As a hitchhiker, my intention is to get from point A to point B, and sometimes just point Anywhere But Here. When I solicit a ride, I’m not asking for money, food, or cigarettes, nor for showers or a bed to sleep in. It is for the ride alone that I hold my thumb out as you drive by. That isn’t to say, however, a traveler would outright refuse something offered. Though never expected on the road, most anything helps and is always appreciated…

*************

Navajo Strip Mall

Navajo Strip Mall

I probably could have gone back to sleep after the emergency vehicles departed, but I thought it best to start my day. I wanted to get over to Interstate 40’s westbound entrance before the majority of motorists began checking out of their hotels and motels. This usually occurs between the nine and eleven AM hours, so I’d have to be quick about it.

I packed up my gear and walked the half-mile to the truckstop located just north of the freeway, right across the street from my onramp. I entered the store/restaurant section of the stop and shot straight over to the restrooms. Stepped inside a toilet stall and I proceeded to remove clothing. Beanie, bandanna, gloves, sleep mask as makeshift mouth/nose cover, second pair of socks over my first and last were the thermal pants worn under my regular pants. I heard the temperature had dropped below 30 degrees Fahrenheit overnight. It sure felt like it.

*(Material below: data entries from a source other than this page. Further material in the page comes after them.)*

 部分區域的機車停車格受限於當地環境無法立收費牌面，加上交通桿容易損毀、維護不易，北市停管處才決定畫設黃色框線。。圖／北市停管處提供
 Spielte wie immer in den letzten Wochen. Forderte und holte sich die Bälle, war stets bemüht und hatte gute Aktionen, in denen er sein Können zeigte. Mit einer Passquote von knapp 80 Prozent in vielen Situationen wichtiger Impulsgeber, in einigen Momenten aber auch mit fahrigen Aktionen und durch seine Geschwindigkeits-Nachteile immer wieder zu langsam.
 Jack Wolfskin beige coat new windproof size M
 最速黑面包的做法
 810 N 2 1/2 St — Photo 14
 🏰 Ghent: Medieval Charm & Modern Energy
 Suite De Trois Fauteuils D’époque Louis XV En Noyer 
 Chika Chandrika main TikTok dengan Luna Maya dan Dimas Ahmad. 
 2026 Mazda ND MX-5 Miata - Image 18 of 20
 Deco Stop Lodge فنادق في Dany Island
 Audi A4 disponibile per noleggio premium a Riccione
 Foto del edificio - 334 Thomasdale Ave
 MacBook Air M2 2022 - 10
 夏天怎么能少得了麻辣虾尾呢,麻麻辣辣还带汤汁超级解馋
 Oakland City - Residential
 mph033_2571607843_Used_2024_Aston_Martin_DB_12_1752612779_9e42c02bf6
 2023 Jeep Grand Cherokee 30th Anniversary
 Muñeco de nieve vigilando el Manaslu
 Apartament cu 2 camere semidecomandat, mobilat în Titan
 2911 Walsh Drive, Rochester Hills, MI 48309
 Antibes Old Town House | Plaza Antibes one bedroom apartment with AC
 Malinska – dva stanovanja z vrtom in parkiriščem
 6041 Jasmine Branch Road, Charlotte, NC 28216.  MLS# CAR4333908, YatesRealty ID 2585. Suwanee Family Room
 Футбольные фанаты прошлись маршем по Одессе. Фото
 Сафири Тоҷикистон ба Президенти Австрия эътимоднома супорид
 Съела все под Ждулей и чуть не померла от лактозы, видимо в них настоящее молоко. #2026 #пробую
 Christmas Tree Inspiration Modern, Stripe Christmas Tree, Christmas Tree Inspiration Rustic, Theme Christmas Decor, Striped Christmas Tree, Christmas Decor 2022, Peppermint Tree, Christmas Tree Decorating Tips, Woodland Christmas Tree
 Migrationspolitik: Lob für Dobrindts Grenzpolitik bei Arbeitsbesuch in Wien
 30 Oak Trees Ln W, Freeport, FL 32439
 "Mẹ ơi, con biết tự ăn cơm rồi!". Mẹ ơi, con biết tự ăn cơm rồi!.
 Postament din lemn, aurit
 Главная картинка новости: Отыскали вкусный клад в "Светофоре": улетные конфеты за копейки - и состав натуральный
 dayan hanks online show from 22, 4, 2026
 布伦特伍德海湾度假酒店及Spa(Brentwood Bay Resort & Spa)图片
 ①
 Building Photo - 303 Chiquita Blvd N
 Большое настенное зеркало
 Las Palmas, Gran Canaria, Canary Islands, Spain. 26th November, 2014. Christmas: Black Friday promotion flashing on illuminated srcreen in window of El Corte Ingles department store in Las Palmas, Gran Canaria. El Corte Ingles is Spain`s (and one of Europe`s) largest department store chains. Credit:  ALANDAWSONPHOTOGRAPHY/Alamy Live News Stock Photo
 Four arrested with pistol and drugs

The air outside had not yet warmed so I left the hoodie on. Cheap, navy blue threads held together with shoddy stitching, a horrendous “NEW MEXICO” graphic across the chest done up in pastels and hot air balloons. When choosing gear to hitchhike with, it is best to bring along items that if lost or damaged will not be missed.

After a brief restroom sink shower, I moved quickly through the store and located breakfast in the form of two ready-to-go, hard-boiled eggs. That left me with fourteen dollars and a few coins to get me by until I arrived in L.A.

“Eat within your means,” I tell myself, “Even when it means eating nothing at all.”

I wolfed down both eggs in the store and proceeded to the onramp.

*************

…It is true that less than stellar hitchhikers are out there. They’re not as bad as the Ted Bundie stereotype many people believe us to be, but they aren’t exactly a joy to ride with either.

These types make it hard for the rest of us to gain many a driver’s trust. They are the ones who never shower and stink up your car, or ask for more money right after you just gave them some. They might be carrying weapons or hard drugs that could get you in trouble with the law. Some may even swipe small objects from your car when you’re not looking.

Travelers like this are NOT the majority. Still, these people have forced me to take steps to separate myself from them. It forces me to act unnaturally. It becomes psychology. Eventually it becomes routine…

*************

I situated myself several yards down the ramp on the road’s shoulder, my medium-sized army pack in front of me advertising myself as a traveler with little baggage.

Cars turned onto the ramp and I took up my usual position. I made sure my entire face was visible to drivers by lowering the hood of my sweatshirt. I stuck out my thumb and smiled big.

Appearance is the most important part of getting a ride. Smiling is necessary because nobody wants to pick up a sad or angry hitchhiker. Something as simple as combing your hair will increase your chances of hitching a ride. Many drivers have told me they picked me up based specifically upon my appearance (i.e. I looked “nice”, or “clean”).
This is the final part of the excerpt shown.